After Brexit, 9 Reasons To Be Bullish On Great Britain

Authored by Daniel Stelter via Think-BeyondTheObvious.com,

Today Mrs. May finally officially announced Brexit and kicked-off the process of divorce from the EU. A disaster for Britain, according to officials in Brussels, Berlin and Paris. Really?

Rarely there is such broad consensus: The British voters made a huge mistake in voting for Brexit. The country will suffer for decades to come and deeply regret the decision while the EU and the Eurozone will continue to generate prosperity and peace for the continent. This view is predominant in the media of continental Europe and it is the key massage of its politicians, who fear nothing more than that other countries might follow the British example. Therefore the costs for Brexit have to be high and punishing.
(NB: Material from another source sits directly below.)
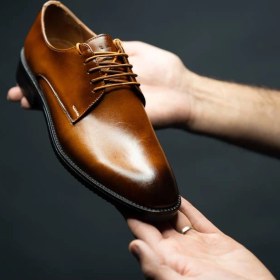 تصویر کفش مردانه مدل M200 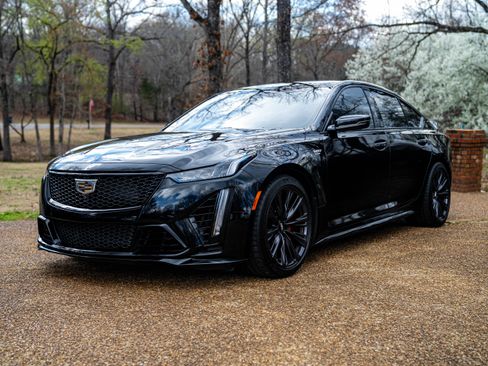 Used 2024 Cadillac CT5 V Blackwing w/ Driver Assist Package image 6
Whenever there is broad consensus it is worthwhile to challenge it. Could it be, that the British end up much better off, than we think? Here are ten reasons why:

1.     No recession: According to experts from IMF to Bank of England Great Britain should already be in a deep recession. In case of a Brexit vote they projected a crash in the real estate market, a drop in consumer spending and a collaps of economic activity. In reality the economy grew faster then before. If the experts cannot predict the short term consequences correctly, how should they be right in the medium- to long-term?

 

2.     Good shock: The steep fall in the pound contributed to this positive outcome. This has the welcome effect of supporting exports and hindering imports, therefore kicking-off a rebalancing of the British economy, which ran a trade deficit of five percent of GDP before. Such deficits are not sustainable as we can see in the crisis countries of the Eurozone. Moreover the Brexit vote has initiated a process of modernization of the British economy just at the right moment. Lower taxes, more investments and a re-industrialization of the country can lay the basis for more growth in the future.

 

3.     Positive demographics: Latest by 2050 Great Britain will have the biggest population in Europe. Meanwhile the population and especially the workforce in most European countries will shrink at an accelerating speed. As economic growth depends mainly on the growth rate of the workforce and its productivity this is good news for Britain.

 

4.     Attractive for qualified migrants: The population growth is linked to immigration and the Brexiteers campaigned mainly on the issue of immigration. But contrary to the popular belief there are not necessarily anti-immigration, rather they want to introduce a systems similar to Canada to attract qualified migrants. This will become a major competitive factor when compared with the EU which has no such system and encourages immigration into social welfare. Not only will Britain have less issues with integration but also be more attractive as it will have a lower level of taxation.

 

5.     Leading Universities: Besides the world famous private schools Britain commands eight of the 100 best universities in the world. The EU (without GB) has 17 universities on this list, four of which based in Germany. World class universities will continue to attract the most qualified students from all over the world and Britain could like the USA leverage this talent to foster economic growth.

 

6.     Free Market tradition: A study by JP Morgan already showed before the vote, that the British economy has not so much in common with those of France, Italy, Spain and Portugal. It is more in line with Germany, the Netherlands, Sweden and Ireland. Consequently the authors concluded, that Britain would be better off outside of the EU as it would not anymore need to subsidize weaker economy. In addition the British have a tradition of a pro-free-market attitude which will make Britain ever more attractive compared to a EU dominated by socialist, redistributive and anti-market forces.

 

7.     Leading financial center: Whatever the hopes in Frankfurt and Paris, London will remain the global financial center. The competence will not move away and besides a few representative offices to fulfill EU-regulation not much more should be expected. On the contrary, a financial center with long traditions, its own currency and freed from EU bureaucracy might evolve into the new Switzerland of the 21. Century. A flood of money fleeing from the Eurozone in the coming years cannot be ruled out.

 

8.     Renaissance of the Common Wealth: Critics of Brexit ridicule supporters who dream of a return to the order of the Common Wealth, and rightly so. On the other hand, also given the changed stance of US politics it is not out of this world to imagine an Anglo-Saxon trading area including besides the US and the UK, Australia, New Zealand and Canada. Even the Scandinavian countries might be tempted to join such a club, especially if the EU and Eurozone continue on the current trajectory.

 

9.     Continued downturn in the Eurozone: Europe seems to head for a solid 2017. Nevertheless the fundamental flaws  of the Eurozone, notably unsustainable debt levels, a bankrupt banking system and diverging competitiveness remain unsolved – after eight years into the crisis! Add to this the complete failure of the EU to address the migration issue it is easy to conceive a continental Europe on path to another lost decade with significant political pressure building up. This will make Britain all so more attractive for those with talent and entrepreneurial spirit.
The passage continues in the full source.